Open-meteo also has forecast and climate change models – are these the same?

## Tutorial data

Just trying to work out how the data comes normally with the request as outlined on Open-Meteo's website.

In [None]:
# dummy tutorial request to see the data

import openmeteo_requests

import pandas as pd
import requests_cache
from retry_requests import retry

# Setup the Open-Meteo API client with cache and retry on error
cache_session = requests_cache.CachedSession('.cache', expire_after = -1)
retry_session = retry(cache_session, retries = 5, backoff_factor = 0.2)
openmeteo = openmeteo_requests.Client(session = retry_session)

# Make sure all required weather variables are listed here
# The order of variables in hourly or daily is important to assign them correctly below
url = "https://archive-api.open-meteo.com/v1/archive"
params = {
	"latitude": 52.52,
	"longitude": 13.41,
	"start_date": "2025-04-25",
	"end_date": "2025-05-09",
	"hourly": ["temperature_2m", "relative_humidity_2m", "precipitation"]
}
responses = openmeteo.weather_api(url, params=params)

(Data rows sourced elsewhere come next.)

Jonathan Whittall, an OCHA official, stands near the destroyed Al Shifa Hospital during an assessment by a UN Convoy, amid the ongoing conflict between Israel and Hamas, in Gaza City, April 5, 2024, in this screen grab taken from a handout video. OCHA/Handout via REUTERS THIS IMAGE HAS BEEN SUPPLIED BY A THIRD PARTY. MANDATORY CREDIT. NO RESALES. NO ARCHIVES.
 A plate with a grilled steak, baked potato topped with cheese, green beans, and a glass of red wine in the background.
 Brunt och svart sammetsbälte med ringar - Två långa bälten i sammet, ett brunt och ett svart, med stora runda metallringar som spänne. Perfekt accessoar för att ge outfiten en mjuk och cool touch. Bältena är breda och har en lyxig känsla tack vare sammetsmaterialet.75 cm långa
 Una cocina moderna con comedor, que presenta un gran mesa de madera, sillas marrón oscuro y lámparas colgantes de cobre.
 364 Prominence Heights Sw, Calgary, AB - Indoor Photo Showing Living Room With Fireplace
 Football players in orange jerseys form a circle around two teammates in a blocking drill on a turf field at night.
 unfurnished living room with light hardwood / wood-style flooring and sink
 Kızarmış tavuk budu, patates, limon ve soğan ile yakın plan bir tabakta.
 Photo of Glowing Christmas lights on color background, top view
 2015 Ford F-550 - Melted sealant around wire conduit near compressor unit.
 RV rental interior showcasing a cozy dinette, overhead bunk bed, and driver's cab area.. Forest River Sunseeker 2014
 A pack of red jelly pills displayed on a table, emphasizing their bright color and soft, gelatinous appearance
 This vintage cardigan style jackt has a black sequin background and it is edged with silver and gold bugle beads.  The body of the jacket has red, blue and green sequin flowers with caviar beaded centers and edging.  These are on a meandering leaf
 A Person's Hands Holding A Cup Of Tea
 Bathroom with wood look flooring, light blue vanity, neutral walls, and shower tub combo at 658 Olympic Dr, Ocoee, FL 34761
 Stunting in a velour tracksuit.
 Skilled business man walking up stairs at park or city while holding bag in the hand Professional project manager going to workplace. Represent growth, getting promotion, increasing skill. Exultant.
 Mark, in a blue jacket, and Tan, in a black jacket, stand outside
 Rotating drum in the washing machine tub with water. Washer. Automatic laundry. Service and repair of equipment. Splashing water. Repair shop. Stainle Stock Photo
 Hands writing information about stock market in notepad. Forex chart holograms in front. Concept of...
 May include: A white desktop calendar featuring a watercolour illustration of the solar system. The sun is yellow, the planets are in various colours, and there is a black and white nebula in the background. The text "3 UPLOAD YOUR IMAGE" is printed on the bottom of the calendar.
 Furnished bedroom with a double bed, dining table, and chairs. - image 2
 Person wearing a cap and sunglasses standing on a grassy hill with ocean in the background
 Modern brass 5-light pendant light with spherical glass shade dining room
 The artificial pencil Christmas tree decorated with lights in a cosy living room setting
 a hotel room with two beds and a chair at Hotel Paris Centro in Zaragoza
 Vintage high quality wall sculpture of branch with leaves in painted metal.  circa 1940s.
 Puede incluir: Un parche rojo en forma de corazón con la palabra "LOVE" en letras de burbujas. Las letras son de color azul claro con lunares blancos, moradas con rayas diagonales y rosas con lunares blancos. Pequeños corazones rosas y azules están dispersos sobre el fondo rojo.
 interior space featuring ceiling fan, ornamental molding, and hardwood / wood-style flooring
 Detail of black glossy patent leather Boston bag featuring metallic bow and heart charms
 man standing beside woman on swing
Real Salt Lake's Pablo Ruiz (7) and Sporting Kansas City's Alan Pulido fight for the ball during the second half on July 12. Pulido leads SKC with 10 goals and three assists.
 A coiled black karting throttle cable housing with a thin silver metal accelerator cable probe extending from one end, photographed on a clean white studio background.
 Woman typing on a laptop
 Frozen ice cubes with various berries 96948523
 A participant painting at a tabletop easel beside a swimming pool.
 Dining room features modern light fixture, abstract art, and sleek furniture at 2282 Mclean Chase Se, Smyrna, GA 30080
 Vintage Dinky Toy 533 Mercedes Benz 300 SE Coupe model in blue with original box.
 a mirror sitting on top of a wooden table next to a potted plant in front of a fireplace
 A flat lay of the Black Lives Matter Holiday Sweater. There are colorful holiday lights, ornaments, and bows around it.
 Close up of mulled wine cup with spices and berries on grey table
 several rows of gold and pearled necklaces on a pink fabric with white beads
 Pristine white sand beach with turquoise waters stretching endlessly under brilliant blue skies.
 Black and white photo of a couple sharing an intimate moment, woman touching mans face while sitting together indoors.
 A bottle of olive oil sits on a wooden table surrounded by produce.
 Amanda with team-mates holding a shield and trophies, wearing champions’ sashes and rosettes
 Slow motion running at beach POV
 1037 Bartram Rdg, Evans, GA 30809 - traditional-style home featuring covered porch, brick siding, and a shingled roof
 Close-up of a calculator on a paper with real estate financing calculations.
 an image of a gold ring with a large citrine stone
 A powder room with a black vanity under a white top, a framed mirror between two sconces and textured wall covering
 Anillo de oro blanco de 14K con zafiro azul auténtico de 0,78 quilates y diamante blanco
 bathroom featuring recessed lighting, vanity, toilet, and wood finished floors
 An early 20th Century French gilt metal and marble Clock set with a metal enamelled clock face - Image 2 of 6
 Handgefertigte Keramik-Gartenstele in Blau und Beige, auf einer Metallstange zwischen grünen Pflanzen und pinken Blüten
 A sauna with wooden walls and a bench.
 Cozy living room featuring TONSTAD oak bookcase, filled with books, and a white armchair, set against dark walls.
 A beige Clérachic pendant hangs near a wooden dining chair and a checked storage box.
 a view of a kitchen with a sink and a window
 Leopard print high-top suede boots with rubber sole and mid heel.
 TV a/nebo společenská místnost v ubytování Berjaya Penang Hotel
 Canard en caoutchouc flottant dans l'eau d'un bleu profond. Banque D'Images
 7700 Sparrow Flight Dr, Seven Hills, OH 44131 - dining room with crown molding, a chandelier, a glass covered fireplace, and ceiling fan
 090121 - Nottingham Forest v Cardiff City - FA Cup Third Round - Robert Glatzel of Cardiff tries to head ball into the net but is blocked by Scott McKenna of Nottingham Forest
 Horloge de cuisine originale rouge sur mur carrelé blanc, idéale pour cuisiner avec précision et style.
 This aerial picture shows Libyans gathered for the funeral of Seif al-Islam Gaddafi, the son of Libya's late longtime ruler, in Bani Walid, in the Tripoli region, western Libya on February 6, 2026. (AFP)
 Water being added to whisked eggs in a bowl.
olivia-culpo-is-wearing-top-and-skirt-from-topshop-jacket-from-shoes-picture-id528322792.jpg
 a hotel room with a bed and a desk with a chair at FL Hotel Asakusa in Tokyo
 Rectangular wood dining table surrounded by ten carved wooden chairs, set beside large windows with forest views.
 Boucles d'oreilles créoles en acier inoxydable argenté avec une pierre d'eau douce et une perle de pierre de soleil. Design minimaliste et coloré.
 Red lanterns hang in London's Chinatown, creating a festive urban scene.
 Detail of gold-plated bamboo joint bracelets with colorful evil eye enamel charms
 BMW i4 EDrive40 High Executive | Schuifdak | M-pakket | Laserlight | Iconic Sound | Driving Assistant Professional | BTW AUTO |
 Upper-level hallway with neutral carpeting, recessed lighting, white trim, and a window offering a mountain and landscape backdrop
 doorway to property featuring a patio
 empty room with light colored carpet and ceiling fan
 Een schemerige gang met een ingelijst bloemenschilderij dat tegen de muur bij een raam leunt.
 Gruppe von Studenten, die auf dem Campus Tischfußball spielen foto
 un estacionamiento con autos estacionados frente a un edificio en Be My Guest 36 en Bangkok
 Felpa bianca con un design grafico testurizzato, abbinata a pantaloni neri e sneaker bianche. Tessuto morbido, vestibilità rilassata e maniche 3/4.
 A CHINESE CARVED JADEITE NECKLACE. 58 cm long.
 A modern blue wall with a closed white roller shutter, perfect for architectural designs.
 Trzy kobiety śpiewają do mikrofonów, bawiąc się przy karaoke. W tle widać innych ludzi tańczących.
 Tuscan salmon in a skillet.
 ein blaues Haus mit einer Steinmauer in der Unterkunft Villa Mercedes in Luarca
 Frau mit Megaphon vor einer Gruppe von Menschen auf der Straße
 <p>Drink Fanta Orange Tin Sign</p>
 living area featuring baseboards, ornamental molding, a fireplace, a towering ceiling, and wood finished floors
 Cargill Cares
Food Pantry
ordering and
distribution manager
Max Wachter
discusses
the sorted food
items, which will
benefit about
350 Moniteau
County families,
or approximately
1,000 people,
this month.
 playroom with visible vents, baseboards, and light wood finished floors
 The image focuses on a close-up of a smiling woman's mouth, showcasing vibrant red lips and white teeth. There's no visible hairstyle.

# Process first location. Add a for-loop for multiple locations or weather models
response = responses[0]
print(f"Coordinates {response.Latitude()}°N {response.Longitude()}°E")
print(f"Elevation {response.Elevation()} m asl")
print(f"Timezone {response.Timezone()}{response.TimezoneAbbreviation()}")
print(f"Timezone difference to GMT+0 {response.UtcOffsetSeconds()} s")

# Process hourly data. The order of variables needs to be the same as requested.
hourly = response.Hourly()
hourly_temperature_2m = hourly.Variables(0).ValuesAsNumpy()
hourly_relative_humidity_2m = hourly.Variables(1).ValuesAsNumpy()
hourly_precipitation = hourly.Variables(2).ValuesAsNumpy()

hourly_data = {"date": pd.date_range(
	start = pd.to_datetime(hourly.Time(), unit = "s", utc = True),
	end = pd.to_datetime(hourly.TimeEnd(), unit = "s", utc = True),
	freq = pd.Timedelta(seconds = hourly.Interval()),
	inclusive = "left"
)}

hourly_data["temperature_2m"] = hourly_temperature_2m
hourly_data["relative_humidity_2m"] = hourly_relative_humidity_2m
hourly_data["precipitation"] = hourly_precipitation

hourly_dataframe = pd.DataFrame(data = hourly_data)
print(hourly_dataframe)